La Wii, que l’on jugeait au départ parfaitement profilée pour le genre, n’a finalement pas brillée en matière de jeux de tirs. Sauf si vous considérez Red Steel, Call of Duty 3 ou Far Cry Vengeance comme des chef-d’œuvres. Pourtant, tout y est : la Wiimote, une gâchette, un pointeur, de quoi révolutionner le FPS sur consoles, ne manque plus que les jeux. C’est là qu’interviennent High Voltage Software et The Conduit, FPS ambitieux à plus d’un titre qui compte bien redorer le blason de la console en la matière. Pari réussi ?




Ce tunnel un peu sombre qui sent pas très bon


Même si c’était prévisible à trois kilomètres, le scénario de The Conduit est loin d’être son point fort. Dans un saladier, mélanger un scénar de téléfilm de suspens à l’américaine où la sécurité de l’État est menacée par un complot mystérieux, ajouter à cela une pincée d’extra-terrestres forcément belliqueux qui débarquent d’on ne sait où, et voilà en gros la trame du jeu. On y incarne l’agent Ford, sorte de Steven Seagall de circonstance, qui devra se frayer un chemin dans les rues de Washington pour découvrir la vérité derrière l’invasion d’aliens qui menace le pays. Pour riposter, le joueur pourra compter sur du matériel très performant. Si l’est un bon point à attribuer à The Conduit, c’est sur le nombre d’armes assez impressionnant que compte le jeu. L’expert en ballistique en aura pour son argent : chaque niveau recèle de nouveaux calibres, trainant nonchalamment par terre ou lâchés par les ennemis, et qui ne demandent qu’à être ramassés. De la mitraillette de base ou du pistolet des premiers niveaux, on passera vite à un large arsenal de fusils extra-terrestre sans oublier l’artillerie lourde. Même si l’on ne peut transporter que deux de ces joujoux à la fois en plus d’une demi-douzaine de grenades, Ford aura le choix des armes, et il en aura bien besoin.

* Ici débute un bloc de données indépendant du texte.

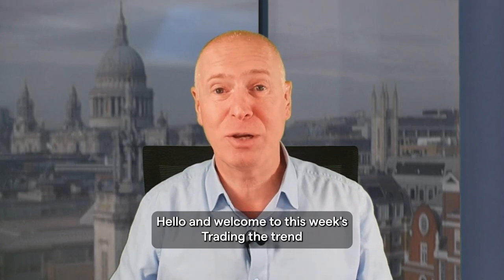Hello, and welcome to this week's Trading the Trend on Wednesday, the 10th of January 2024.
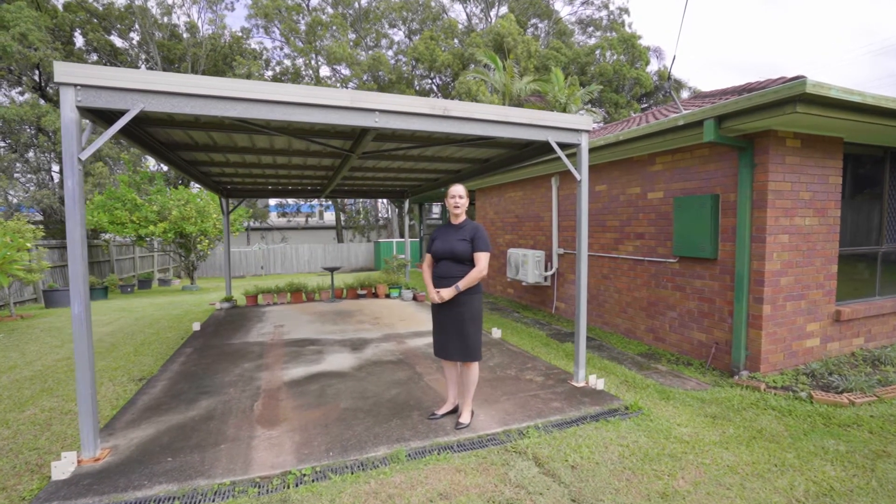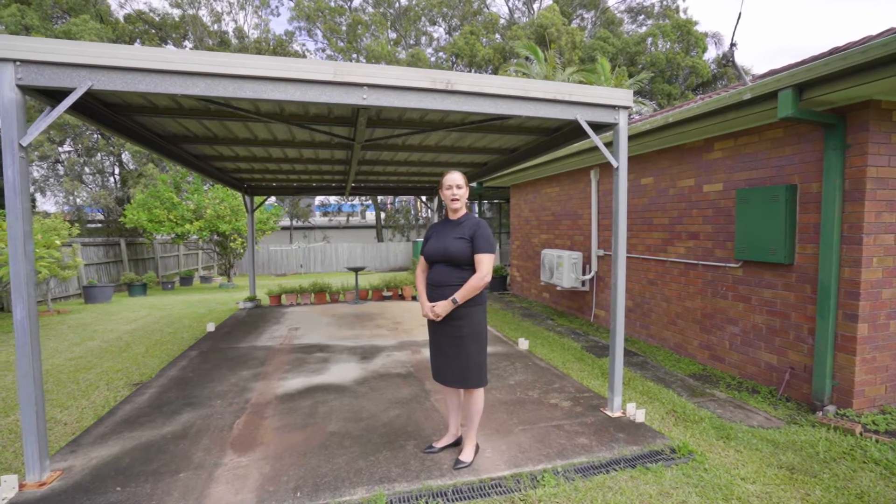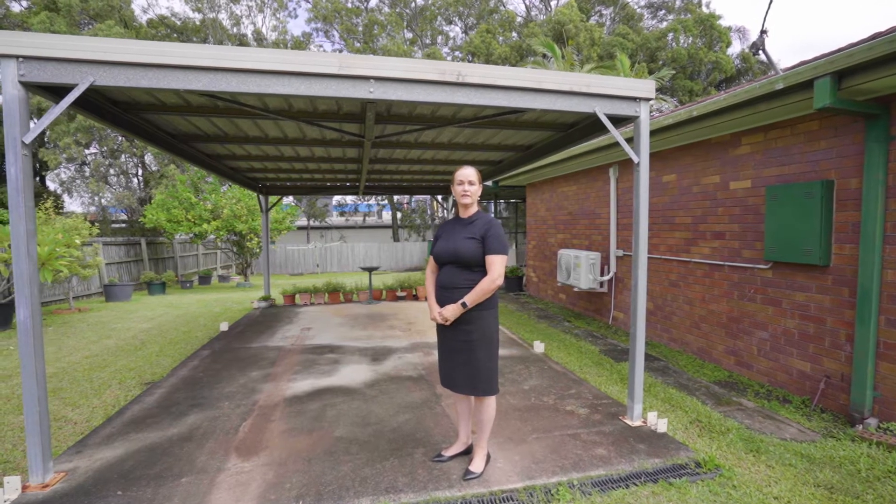Inside you'll find a very well cared for, well loved, great layout home. New carpet, great air conditioning in the living area.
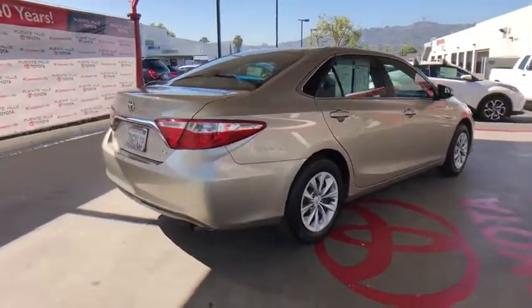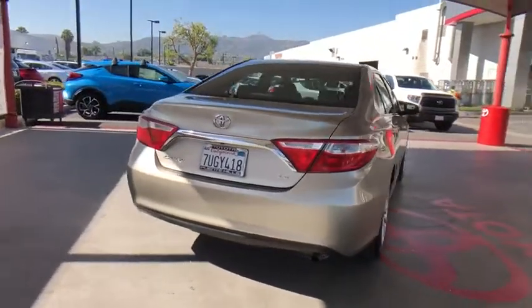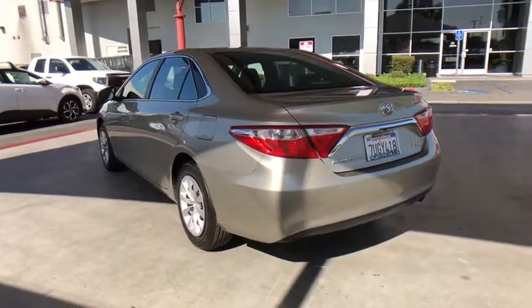Here are some of this vehicle's great options: traction control, stability control, anti-lock braking system, dual airbags, power steering, air conditioning front, cruise control, four-wheel disc brakes.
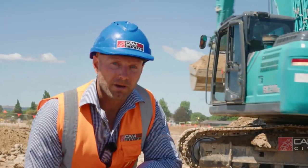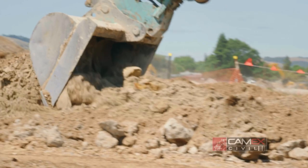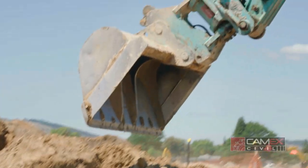Here we have one of our mighty diggers in its natural habitat. Majestic creatures though they are, they do have a lot of blind spots, so best to stay clear of all heavy machinery.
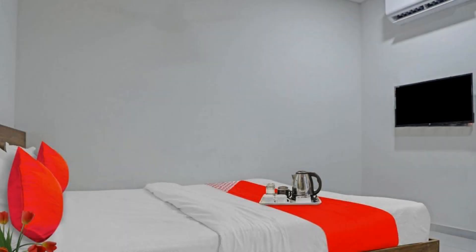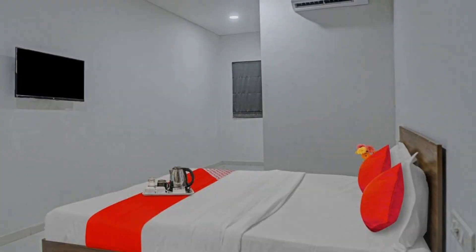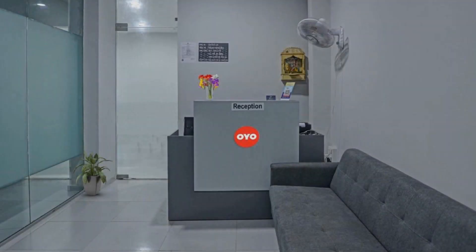The overall rating of this hotel is 8.5, which is very good. The check-in time of this hotel is 12 pm and the check-out time is 11 am.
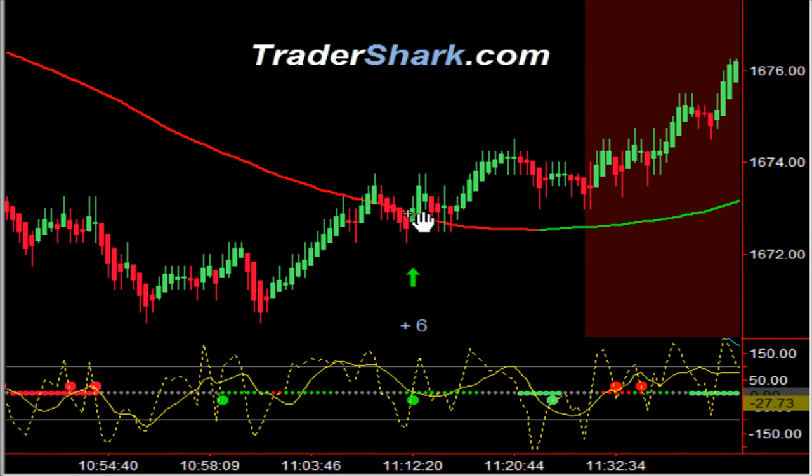As we bounced off that support level, we broke up through our moving averages, pulled back, and had an opportunity to get in — either here or a little bit later. It is still a counter-trend trade until our significant levels were broken, so in that regard we only took six ticks on it.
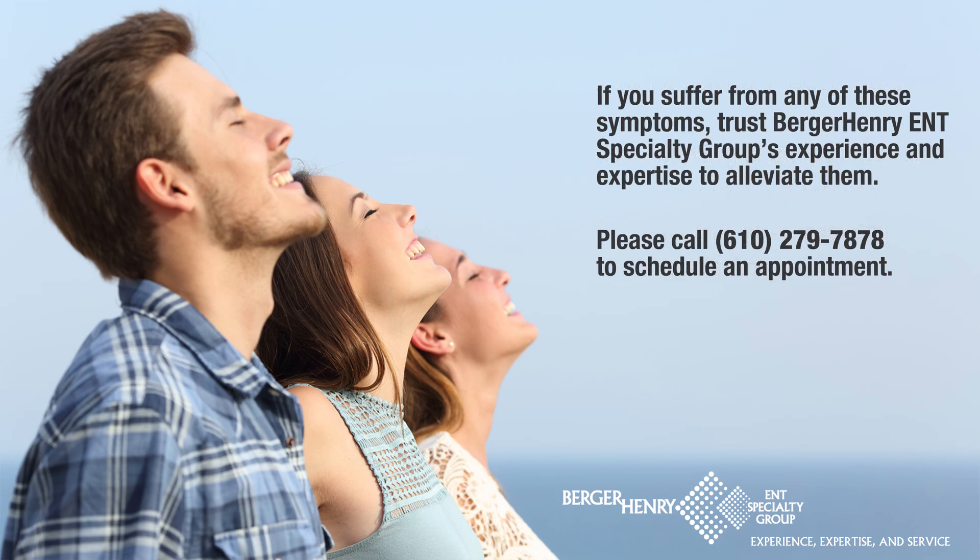If you suffer from any of these symptoms, trust Berger-Henry ENT's experience and expertise to alleviate them. Please call 610-279-7878 to schedule an appointment.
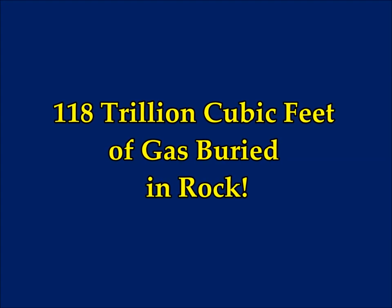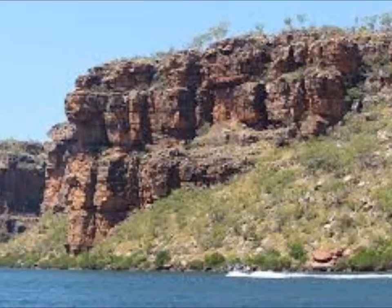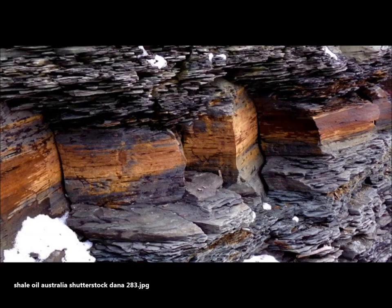118 trillion cubic feet of gas buried in rock — Geology Inn reports. The so-called unconventional deposits of oil and gas are found in shale, a type of layered fine-grained rock. We see this all over the place and never know how full of natural resources it could be. A time capsule containing 118 trillion cubic feet of gas is buried in northern Australia, two to three kilometers beneath the surface of Australia's Northern Territory. The layered rock formation known as Valkyrie Shale was recently estimated to contain over 118 trillion cubic feet of gas.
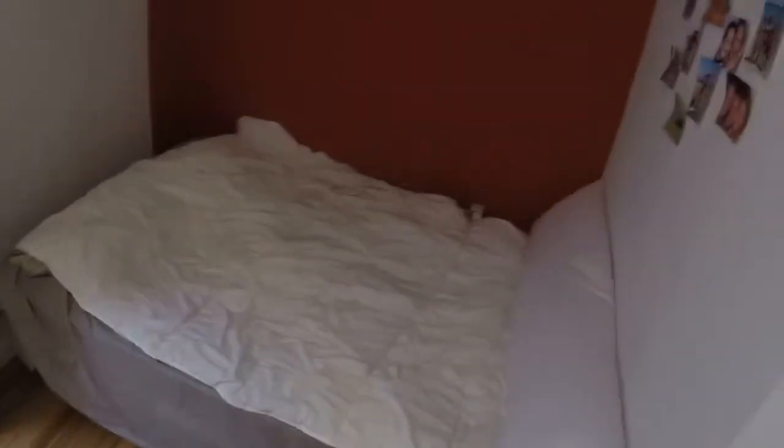Next to this room we have bedroom number seven. We have a standard wardrobe, one desk, and we can see the heating. We have a double bed and a big window with this view to a light well.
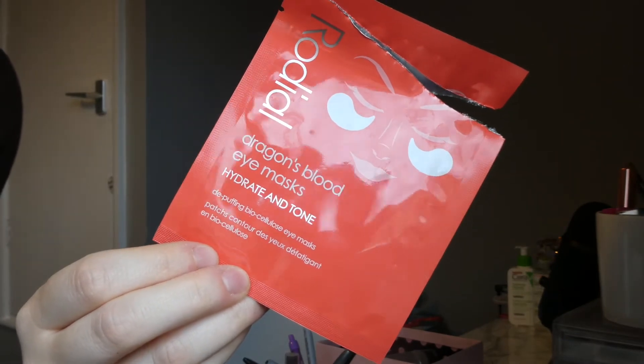The only other skincare product I have is the Rodial Dragon's Blood Eye Masks to Hydrate and Tone. I actually really enjoyed this eye mask — I don't usually like eye masks because I feel like they take up too much time and don't really do anything. But one morning I had a bit of time left over, so instead of doing just eye cream, I decided to do this. And honestly, I saw a difference — I looked more awake. I really, really did enjoy them and I am contemplating buying some more.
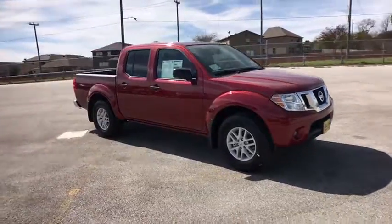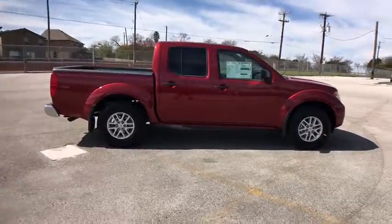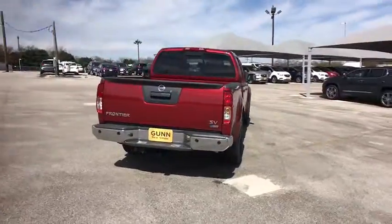2019 Nissan Frontier. The Nissan Frontier offers a full-length, fully boxed frame for strength, serious off-road capabilities, and a five-star rating for side impact crash safety.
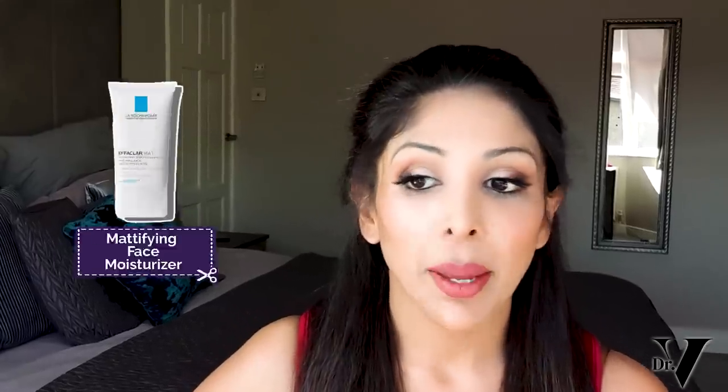Lastly is the mattifying face moisturizer, and I actually think this is their worst product. The fourth ingredient is isocetyl stearate, which is very comedogenic — meaning it leads to acne — and this is in the acne range. Being the fourth ingredient means it's probably at about 5%. The fifth ingredient is denatured alcohol, which will lead to inflammation on normal skin, let alone inflamed acne skin.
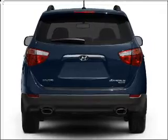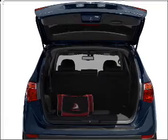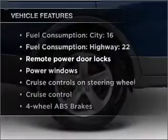Stand out from the crowd with premium wheels. The anti-lock braking system will help deliver you safely to your destination. Memory settings are just one of the extras. Enjoy these notable features that are included in this vehicle.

En effet, The Conduit mise plus sur la confrontation directe que l’infiltration. Tout au long de son périple, qui sera aussi celui du joueur, Ford fera connaissance avec un bestiaire très varié de cette race alien appelée Drudge, suffisamment varié pour vous les briser tout au long de l’aventure. Aux simples humains, qu’ils soient agents gouvernementaux ou scientifiques, s’ajoutent également des bestioles volantes, des pucerons explosifs, des « boomers » à la carapace un peu plus solide ou encore des boss coriaces qui absorberont plusieurs chargeurs avant de rendre l’âme. C’est bien simple, à chaque instant c’est un vrai zoo qui ne vous lâchera pas d’une semelle. Non seulement les Drudge sont nombreux et collants, mais ils ont aussi la sale manie de réapparaître (ou respawner, comme on dit) indéfiniment tant que vous n’avez pas détruit leurs « nids ». Du coup, on se retrouve à se faire attaquer sans interruption : à distance d’une part, mais aussi au corps à corps avec de petites bestioles qui ont la griffe facile quand elles ne choisissent pas de vous exploser dessus. Comme si ça ne suffisait pas, High Voltage a eu la mauvaise idée d’inclure d’autres « cadeaux » dans les niveaux, comme des mines à désamorcer, pas très malin quand on a vingt monstres aux basques. Enfin, malgré son dynamisme l’action de The Conduit souffre d’une répétitivité qui en saoûlera plus d’un. Victime du bien connu syndrome Halo, certains niveaux de The Conduit vous feront visiter des salles génériques qui sentent bon le copier/coller. Traverser quatre fois la même bibliothèque dans la Maison Blanche, avec les mêmes ennemis qui plus est, ça ne trompe pas grand monde. Surtout que la grande majorité des décors sont d’une banalité affligeante : rues, égouts, laboratoires, bureaux… au secours.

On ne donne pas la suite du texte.